Subversion Update Command Considered Harmful

This goes for CVS too.

Version control is the tool most programming workgroups won’t do without. It provides a kind of de facto backup mechanism, and lets us look at history to occasionally wonder about a particular change or line of code.

If multiple people are going to work on the same set of files, there will occasionally be two people wanting to work on the same thing. CVS pioneered or at least popularized the update comand as it works today. It was hailed as a major breakthrough for programming workgroups. Before CVS, if someone else was working on a file, you couldn’t touch it until they were done and had “unlocked” it, maybe days later. At that point you could pull their version of the file and make your change.

With CVS or SVN update you can mostly forget about the problem, as CVS will seamlessly merge others’ changes into your work before you commit yours, informing you only when it detects a problem, and leaving you to resolve it. These conflicts turn out to be quite rare in practice. Once you convince yourself that it works, it saves a lot of hassle.

I’d like to posit that both the pessimistic “locking” model and the optimistic “CVS update” model are badly broken. CVS made badly broken much more convenient, but it only accelerated a serious problem.

If I could change one thing about how I initially ran the pdk project I would have posted all changes to the list in patch form.

Early in pdk’s history I needed a small feature in git. I needed to expand on their already existing http support to include https with self signed certificates and http basic auth. The feature turned out to be small enough that I could add it myself. I didn’t want to maintain it so I contributed it upstream, and it was accepted. The feature is still in git today.

To get the patch accepted took some work and learning about the Linux development process. I fell in love with the culture, and in the process, the tool they built to support the culture.

Acceptance of the patch started with me posting it to the development mailing list.

Writing code for publication is different from writing code to get another feature done. The temptation to take a shortcut is virtually eliminated. If I do paper over an important case I’m going to have to point it out in a comment and/or in the email describing the patch. My patch and my description of it are going to end up in the inbox of hundreds, maybe thousands of people. That makes me want to get it right.

So while my patch was small, I was careful to make sure it was correct and the change was described clearly.

A few folks, including Junio Hamano, were interested in making git work over “dumb http.” Linus Torvalds, original author and maintainer of git at the time, didn’t give a rip about dumb http, preferring smart protocols. Despite his apathy over the feature, Linus trusted the judgement of Junio and took patches which improved the dumb http support over time. Ultimately Junio Hamano put my patch in with a series of his own http related patches and mine went into the official Linus tree as part of Junio’s set.

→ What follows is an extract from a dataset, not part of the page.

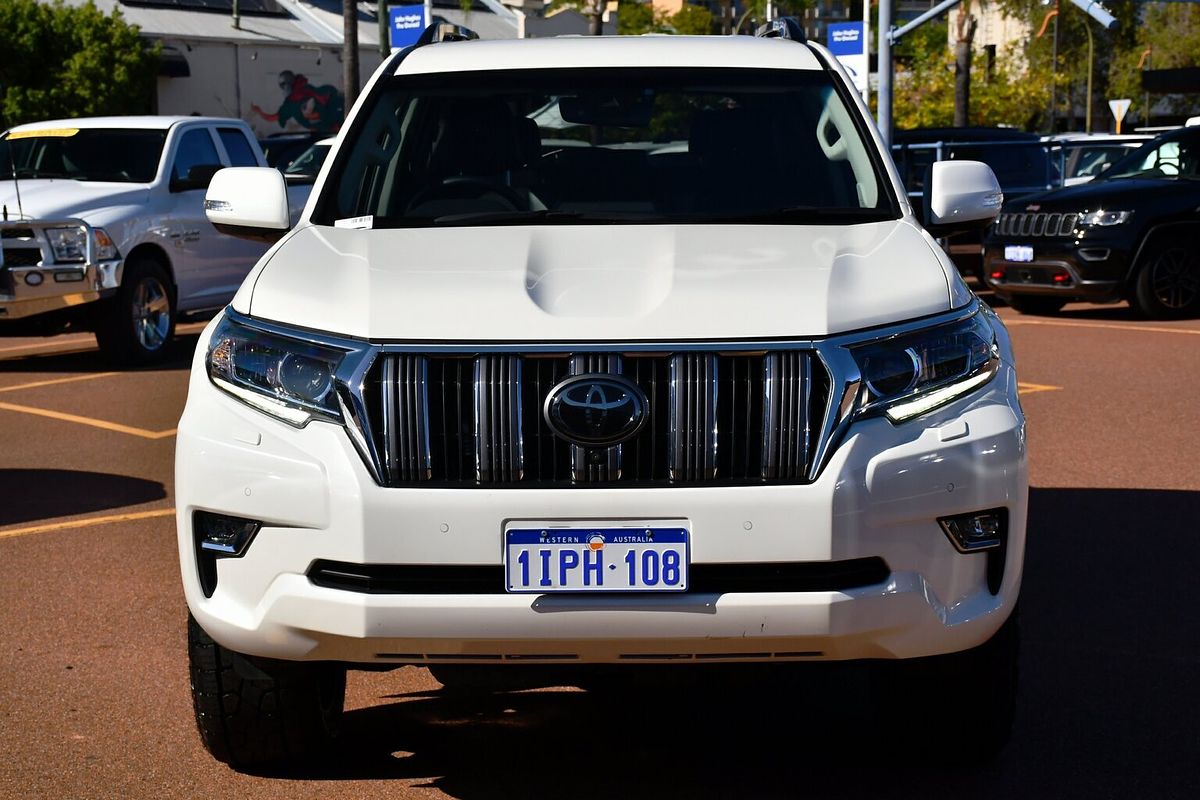 2022 Toyota Landcruiser Prado VX GDJ150R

Today, Junio, not Linus, is the official maintainer of git. Linus still participates as a regular developer/user in the project. Even today Junio posts most of his work, maybe all of it, as patches and sets of patches to the mailing list before incorporating them into a release. Because he is careful about this, everyone’s work tends to be reviewed on list also. This isn’t so much a hard rule as it is a principle. Why would I want to disturb a complex system without help? Could someone look at this? Have I missed anything obvious?

Git is simply a flexible tool that can, among other things, support the Linux development model better than any.

The Linux development model stands in stark contrast to the more common CVS inspired development practice in closed and open source projects.

CVS and SVN update command encourages, nay insists, that developers skip the review step and trust one another blindly. How does this work in the normal project storing their code in SVN? Multiple times in a development cycle you incorporate into your code patches which have only ever been seen by their author. Could we imagine a more dangerous act? The times when you run cvs update are never convenient points for reviewing the incoming horde of changes. If you were to find a bug, you can’t reject the incoming change. You can add a review process to your dev group, but when the tool assumes your neighbor’s changes are good, your review is always second priority. The evidence of years of my own experience is that the implied trust truly is blind most of the time, this causes compounding trouble and we pay a heavy price.

You can’t even use SVN branches to keep separate lines of active development because you get zero help doing repeated merges.

The Linux culture promotes patch acceptance between developers as an explicit act. It implies a slight distrust and review follows naturally. Making a merge between developers is also always an explicit and transparent act. The only time there is a mass update (see git-rebase) is when someone at the tip of the project’s food chain (Linus, Junio) makes a particular line of _reviewed_ history the new official branch. Again I emphasize, these mass rebases, similar to the frequent cvs updates in normal land, are composed of mostly reviewed patches, so the whole thing is a lot safer. Furthermore, these rebases are never a barrier to commit a changeset.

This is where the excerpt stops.